Hi, my dear readers. I’m sorry that I was unable to update this blog as often as I should. Last year, I started this blog to keep track of what I’ve learned and how I’ve developed in technical writing. One year later, I was eventually hired as a technical writer. I’m very excited at the opportunity to put what my unique skill set into real-world projects. That’s being said, I’m going to write more posts that are closely related to work practices in the future.
I’m an English major with a master degree in English Literature. For what I can tell, the majority of graduates from the English department in China seek employment in the fields of education, translation, office administration etc.
In my efforts to break into professional writing, I find that my language background is a neutral factor. At the current job market, some employers find a language major with swift technical aptitude to be a valid candidate, while others insist on a strong technical background, for example, a degree in engineering, telecommunications or computers science.
Professional technical communicators in the blogosphere have been debating over the value of a formal education in technical communication. Unfortunately, universities in China that offer courses in professional communication are few and far between. That’s why there is a gap between the employer’s expectation and what the potential employee can offer.
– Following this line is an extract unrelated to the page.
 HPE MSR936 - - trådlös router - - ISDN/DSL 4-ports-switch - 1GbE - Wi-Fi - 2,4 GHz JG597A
I’ve kept my eyes on technical communication in China for a while now. I’ve known practitioners who are hired straight out of school. There are also late comers like myself who make deliberate yet thoughtful efforts in breaking into the field. However, it is not always an easy ride. My first shot at becoming a technical writer was not successful, but I didn’t give up.
In my previous position, I parlay my language skills into translation of technical documentation. However, planning, writing, editing, translating and publishing are all indispensable parts of the documentation life cycle. I firmly believe that my experience in technical translation has a very positive impact on my current job in the long run.
Technical Writing in China
From what I know, location is a decisive factor in seeking employment, even more so than in America. The need to recruit technical writers, be it staff writer, independent contractor or freelance writer is highly concentrated in tech hubs such as Beijing, Shanghai, Hangzhou and Shenzhen. If you’re serious about becoming a technical writer, relocating is a must.
The reality is that technical writing is still not a full-fledged professional in China. It’s worth noticing that the employers are most likely to be foreign companies who recognize the value to produce quality documentation in English.
In China, the professional support channel for technical writers is almost non-existent unless you’ve already landed a technical writer position in the first place. Thankfully, I can learn from many active professional communicators from America, UK, Canada, Germany and India.
I follow dozens of technical writing blogs closely, which are contributed by individual writers, help authoring tool vendors as well as professional associations. I also keep tabs on professional publications, podcasts and seminars. By getting myself emerged in best practices and industry trend, I hope that I can make a contribution to promote and develop technical communication in China.
What’s your impression on technical writing in China? Whether you are an ambitious new writer who’s also trying to break into the filed or a seasoned technical writer with years of experience, I would love to see you comments on this blog.